Search code examples
pythontkinterhighlight

Highlight differences between two xml files in a Tkinter textbox


I tried all kinds of logic and methods and even googled a lot, but yet not able to think of any satisfactory answer for the question I have. I have wrote a program as shown below to highlight specific xml code where I am facing some problem. Sorry for making this post bit long. I only wanted to clearly explain my problem.

EDIT: For running below given program you will need two xml files which are here: sample1 and sample2. Save this files and in below code edit the location where you want to save your files in C:/Users/editThisLocation/Desktop/sample1.xml

from lxml import etree
from collections import defaultdict
from collections import OrderedDict
from distutils.filelist import findall
from lxml._elementpath import findtext

from Tkinter import * 
import Tkinter as tk
import ttk

root = Tk()

class CustomText(tk.Text):

    def __init__(self, *args, **kwargs):
        tk.Text.__init__(self, *args, **kwargs)

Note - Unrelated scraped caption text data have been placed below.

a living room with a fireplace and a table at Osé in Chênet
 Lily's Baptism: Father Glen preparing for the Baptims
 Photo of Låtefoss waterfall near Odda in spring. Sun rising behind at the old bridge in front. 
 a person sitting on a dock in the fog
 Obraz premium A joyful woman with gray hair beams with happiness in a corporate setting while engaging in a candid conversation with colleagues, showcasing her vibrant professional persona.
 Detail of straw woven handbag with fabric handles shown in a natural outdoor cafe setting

    def highlight_pattern(self, pattern, tag, start, end,
                          regexp=True):

        start = self.index(start)
        end = self.index(end)
        self.mark_set("matchStart", start)
        self.mark_set("matchEnd", start)
        self.mark_set("searchLimit", end)

        count = tk.IntVar()
        while True:
            index = self.search(pattern, "matchEnd","searchLimit",
                                count=count, regexp=regexp)
            if index == "": break
            self.mark_set("matchStart", index)
            self.mark_set("matchEnd", "%s+%sc" % (index, count.get()))
            self.tag_add(tag, "matchStart", "matchEnd")

    def Remove_pattern(self, pattern, tag, start="1.0", end="end",
                          regexp=True):

        start = self.index(start)
        end = self.index(end)
        self.mark_set("matchStart", start)
        self.mark_set("matchEnd", start)
        self.mark_set("searchLimit", end)

        count = tk.IntVar()
        while True:
            index = self.search(pattern, "matchEnd","searchLimit",
                                count=count, regexp=regexp)
            if index == "": break
            self.mark_set("matchStart", index)
            self.mark_set("matchEnd", "%s+%sc" % (index, count.get()))
            self.tag_remove(tag, start, end)



recovering_parser = etree.XMLParser(recover=True)


sample1File = open('C:/Users/editThisLocation/Desktop/sample1.xml', 'r')
contents_sample1 = sample1File.read()

sample2File = open('C:/Users/editThisLocation/Desktop/sample2.xml', 'r')
contents_sample2 = sample2File.read()


frame1 = Frame(width=768, height=25, bg="#000000", colormap="new")
frame1.pack()
Label(frame1, text="sample 1 below - scroll to see more").pack()

textbox = CustomText(root)
textbox.insert(END,contents_sample1)
textbox.pack(expand=1, fill=BOTH)

frame2 = Frame(width=768, height=25, bg="#000000", colormap="new")
frame2.pack()
Label(frame2, text="sample 2 below - scroll to see more").pack()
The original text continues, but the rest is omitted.